我从未见过把口杯当痰盂的,便好奇地走过去拿起盖子往里看。
张伯伯发现了我,厉声说:“放下!别动这杯子!”我被他严厉的态度吓坏了,惊恐地看着他,他生气地说:“这房间你不能随便进来,这只杯子你尤其不能碰!去吧,到外边玩去。”
我噙着眼泪去告诉妈妈。
母亲听了告诉我:“别难过,这是张伯伯爱护你才这么凶的。张伯伯现在正在害一种病,这病是要传染的,痰是最危险的传染源,他是怕你染上病。”
后来我知道,张天翼先生得的是肺结核,且是开放性。他到“河心”来一则是避难,二则是养病。
母亲告诉我,张伯伯是大作家,是写故事书的,他读过很多书,很有学问,以后张伯伯看书写字的时候你不要去打扰。他休息的时候你可去玩玩,听他给你讲故事。但他的东西你一定不要碰。张伯伯原名叫张天翼,现在改名叫张一之。
母亲还特地告诫我:“他原先的名字一定不能告诉别人。”
当时我转学到两路口镇上的小学上三年级,每天要经过一间小邮政所。
一次放学时,一位同学说要到邮局去看看有无他爸爸的信。解放前乡下一般是没有邮递员的,信要自己到邮政所信箱去取。在翻阅那些信件时,我发现了一封写着“张一之先生收”的信,便把它放进书包带回家去。当我把信交给张伯伯时,张伯伯喜出望外,问我从哪儿拿来的。我说了经过,张伯伯便高兴地说:“以后你每个礼拜去一次邮局看看有没有我的信。”
从此我成了张伯伯的私人邮递员。
有一次我取回的是一张单子。交给他后,他说那是一张包裹单。第二天他便收到一只沉沉的大包裹。
那天晚饭时我象往常一样把饭菜为他送去,妈妈总是在张伯伯的菜里加一只煎蛋之类的荤菜。

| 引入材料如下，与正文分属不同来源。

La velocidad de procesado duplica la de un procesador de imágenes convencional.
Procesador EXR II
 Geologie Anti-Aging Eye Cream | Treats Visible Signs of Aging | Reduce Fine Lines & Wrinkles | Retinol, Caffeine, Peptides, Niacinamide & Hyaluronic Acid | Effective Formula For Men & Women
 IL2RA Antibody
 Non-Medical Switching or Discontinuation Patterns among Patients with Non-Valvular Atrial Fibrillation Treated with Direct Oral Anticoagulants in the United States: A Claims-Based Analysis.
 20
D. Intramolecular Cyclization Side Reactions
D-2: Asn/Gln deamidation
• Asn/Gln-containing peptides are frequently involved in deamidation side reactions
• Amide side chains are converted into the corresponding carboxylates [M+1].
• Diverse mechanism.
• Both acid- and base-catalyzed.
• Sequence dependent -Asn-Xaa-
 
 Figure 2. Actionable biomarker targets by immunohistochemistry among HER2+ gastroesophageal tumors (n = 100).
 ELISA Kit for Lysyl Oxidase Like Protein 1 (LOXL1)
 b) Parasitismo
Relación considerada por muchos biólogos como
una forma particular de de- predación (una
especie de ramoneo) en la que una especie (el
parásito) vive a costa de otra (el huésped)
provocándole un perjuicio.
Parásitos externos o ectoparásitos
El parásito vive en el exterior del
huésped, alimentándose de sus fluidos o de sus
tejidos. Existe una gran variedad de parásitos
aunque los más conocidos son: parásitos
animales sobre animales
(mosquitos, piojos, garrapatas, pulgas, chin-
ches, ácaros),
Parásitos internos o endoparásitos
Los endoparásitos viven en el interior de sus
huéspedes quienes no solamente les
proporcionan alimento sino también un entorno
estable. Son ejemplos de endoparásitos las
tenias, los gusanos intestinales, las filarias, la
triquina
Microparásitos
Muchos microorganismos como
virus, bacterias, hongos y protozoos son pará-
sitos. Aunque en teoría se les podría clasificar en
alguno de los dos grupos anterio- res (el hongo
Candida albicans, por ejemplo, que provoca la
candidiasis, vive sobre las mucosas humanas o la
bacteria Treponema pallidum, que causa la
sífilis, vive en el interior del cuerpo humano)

张天翼从来不与我们一起吃饭,妈妈说这是他的卫生习惯。
张伯伯叫我拿只大碗来。
我拿去后他便从那包裹里取出一只大罐头,罐头的商标上有一头大黄牛。他在罐头上取下一只像钥匙似的东西,在罐头边上慢慢地卷了一圈,罐头便打开了,他把罐头中的牛肉一大半都拨到大碗里,叫我端去与姐姐、妈妈一起吃。母亲一见急了,连忙端回去对张天翼说:“这是给您补身体的,您怎么都送了我们?”
最后推脱不过,只得谢了张先生。
那段时间我们已经好久没吃过肉了,每天都是三餐青菜稀饭过咸菜,由于营养不良,眼睛总是发干。这一切张天翼都看在眼里。他是特地写信到家里,让家里寄了罐头来。
那晚我们全家美美地吃了一顿牛肉。
此后张伯伯每次开罐头都要叫我拿碗去,母亲总是过意不去,而我总是很高兴。
我家屋后有一片大杉树林,每棵树都有一抱多粗,几十米高。这树林是我玩耍的好地方。张天翼也很喜欢这树林,每天早上他都要到这树林中散散步,呼吸新鲜空气。如果天气好,他还把一顶带尼龙蚊帐的吊床吊在四棵杉树之间,人躺在里边看书、写文章。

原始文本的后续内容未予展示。